本問は、「建蔽率」という余計なものが含まれているので誤りとなります。
なお、オープンスペースは、通路や植栽・芝・池を整備した空間になっていることが多いです。行政としては、都市計画の観点で緑化整備や空地の確保等が進むこととなり、建築主側は大きな建物が建てられるため、双方にメリットがあります。
▼選択肢3
建築基準法上の道路についての問題でした。道路に関しては頻出分野ですが、なかなか難しい内容でした。
建築基準法42条には、建築基準法上の道路の定義が規定されています。基本的には4メートル以上の幅員の公道や私道をいいます。

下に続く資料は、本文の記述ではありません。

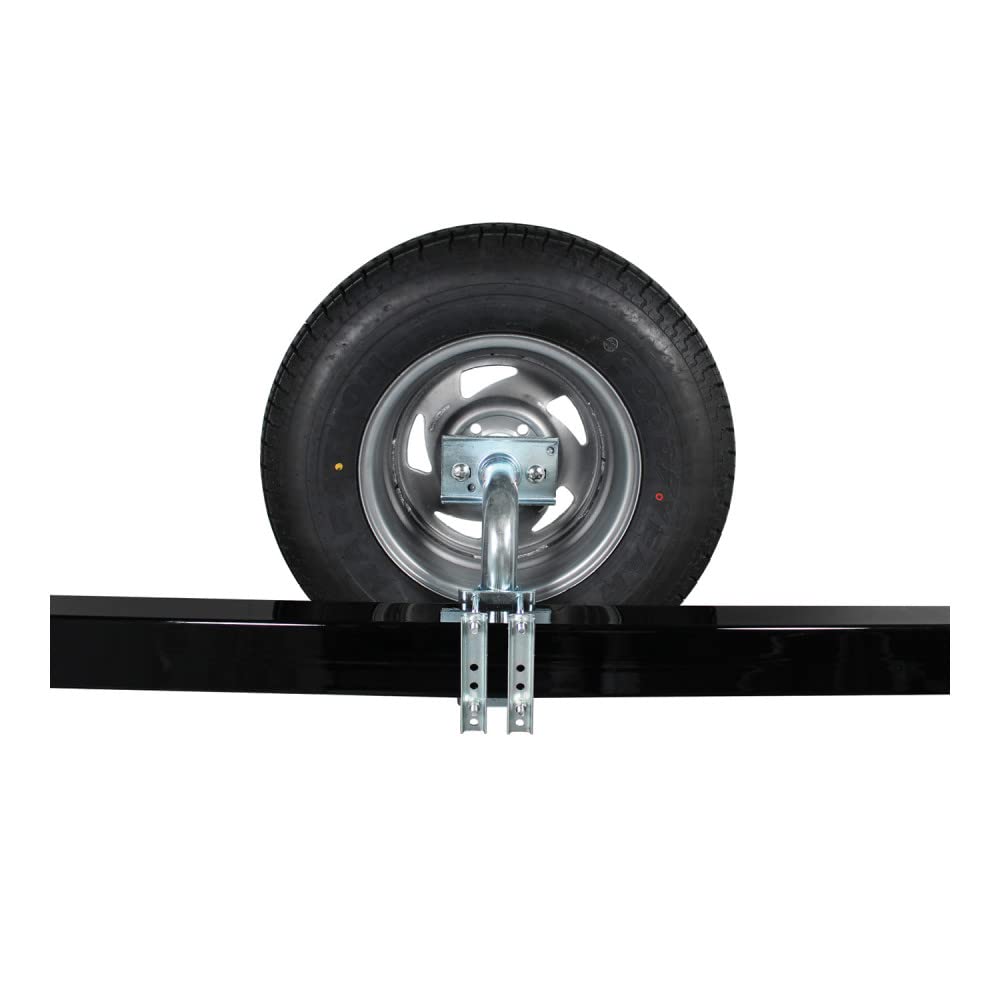 Extreme Max 3005.3726 Porte-Pneu de Secours Robuste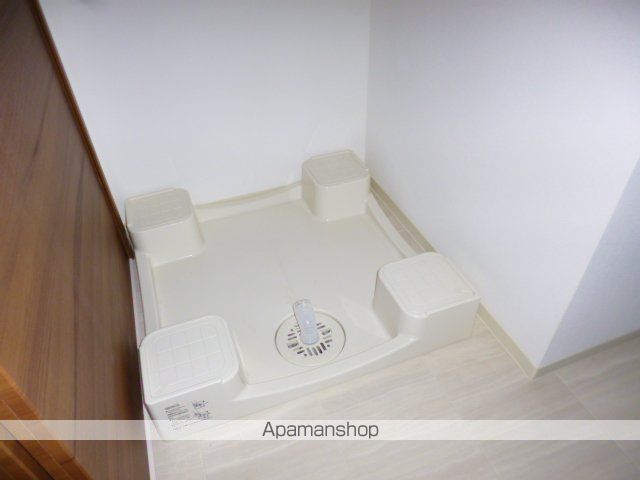 プライムコート立川の内装写真
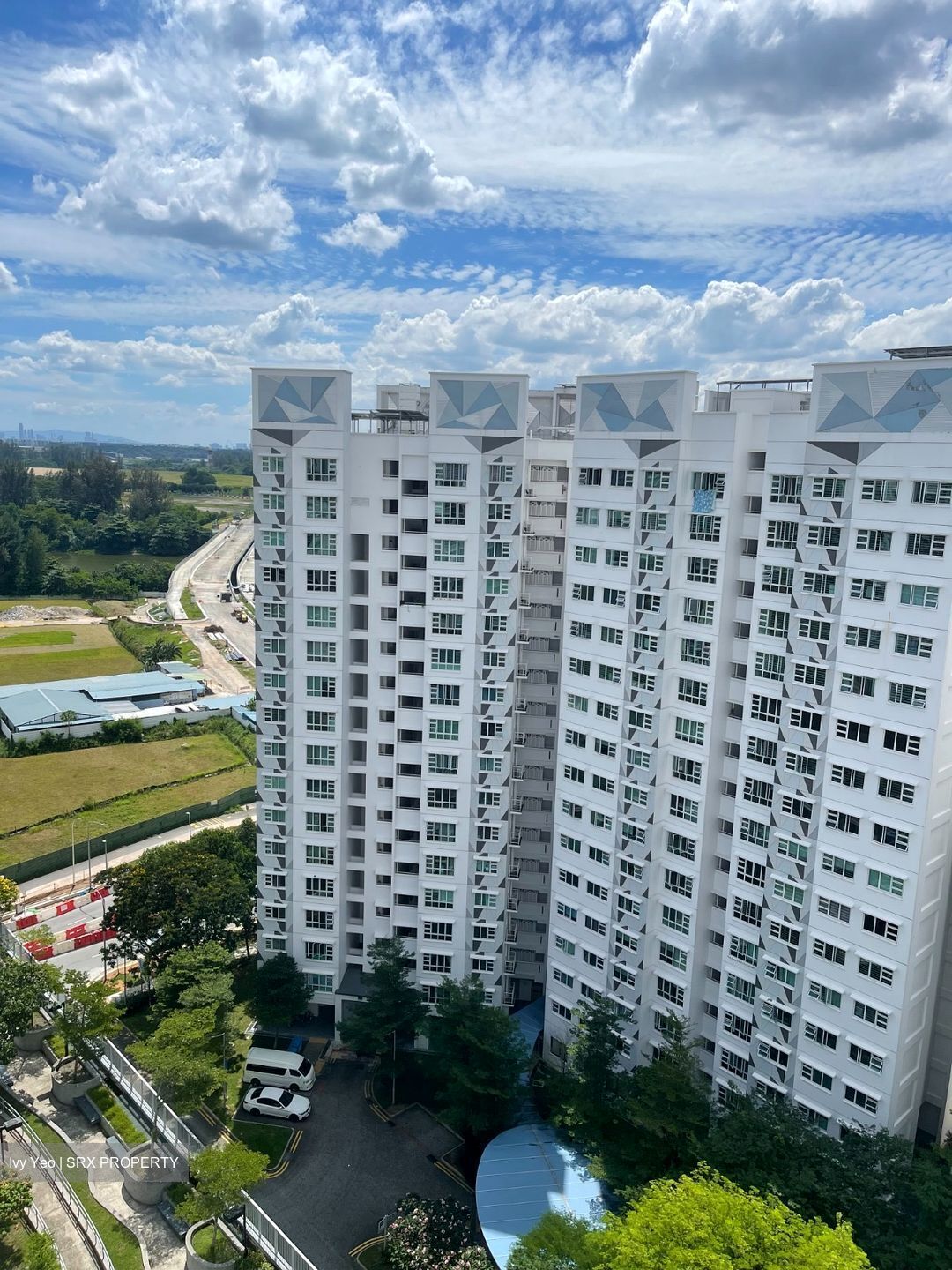 Blk 256 Sumang Walk (Punggol), HDB 3 Rooms #558519531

ただ、建築基準法が制定される前からある道が殆どなので、4メートルないものも多数存在します。
そこで、特定行政庁は、都市計画区域もしくは準都市計画区域の指定もしくは変更等により建築基準法第3章の規定(都市計画区域等における建築物の敷地、構造、建築設備及び用途に関する多くの規定が定められています。)が適用されるに至った際、現に建築物が立ち並んでいる幅員4メートル未満の道であっても、特定行政庁の指定することで、道路とみなし、その中心線からの水平距離2メートル(原則)の線をその道路の境界線とみなします(建築基準法42条2項)。
ただし、幅員1.8メートル未満の道を指定する場合等には、あらかじめ、建築審査会の同意を得なければならないことになっています(同条6項)。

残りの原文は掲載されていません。